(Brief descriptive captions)
····················

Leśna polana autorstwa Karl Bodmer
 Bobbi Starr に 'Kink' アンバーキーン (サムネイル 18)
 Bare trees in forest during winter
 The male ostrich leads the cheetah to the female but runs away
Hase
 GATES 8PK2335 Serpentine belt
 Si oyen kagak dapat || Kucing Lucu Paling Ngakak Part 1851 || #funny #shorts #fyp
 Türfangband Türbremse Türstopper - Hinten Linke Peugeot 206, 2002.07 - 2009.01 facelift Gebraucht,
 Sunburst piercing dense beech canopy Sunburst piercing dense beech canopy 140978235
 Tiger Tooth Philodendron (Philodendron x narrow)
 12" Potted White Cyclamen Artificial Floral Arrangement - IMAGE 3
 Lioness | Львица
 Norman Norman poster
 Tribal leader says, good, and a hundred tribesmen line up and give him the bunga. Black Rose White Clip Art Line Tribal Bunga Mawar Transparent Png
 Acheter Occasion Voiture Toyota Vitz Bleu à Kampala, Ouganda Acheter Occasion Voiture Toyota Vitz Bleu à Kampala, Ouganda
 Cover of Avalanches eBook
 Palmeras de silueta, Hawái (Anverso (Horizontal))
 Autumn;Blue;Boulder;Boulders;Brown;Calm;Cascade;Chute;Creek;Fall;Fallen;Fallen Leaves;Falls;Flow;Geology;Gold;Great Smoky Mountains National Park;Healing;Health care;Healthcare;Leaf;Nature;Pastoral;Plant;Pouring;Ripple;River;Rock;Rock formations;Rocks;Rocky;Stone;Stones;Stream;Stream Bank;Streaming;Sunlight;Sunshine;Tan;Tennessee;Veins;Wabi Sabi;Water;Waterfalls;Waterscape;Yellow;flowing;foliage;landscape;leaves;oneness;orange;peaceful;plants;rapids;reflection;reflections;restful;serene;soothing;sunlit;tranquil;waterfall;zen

····················

Brief: Across all the entries, count the lines that contain the word "White" and give the number by itself.

Answer section: 2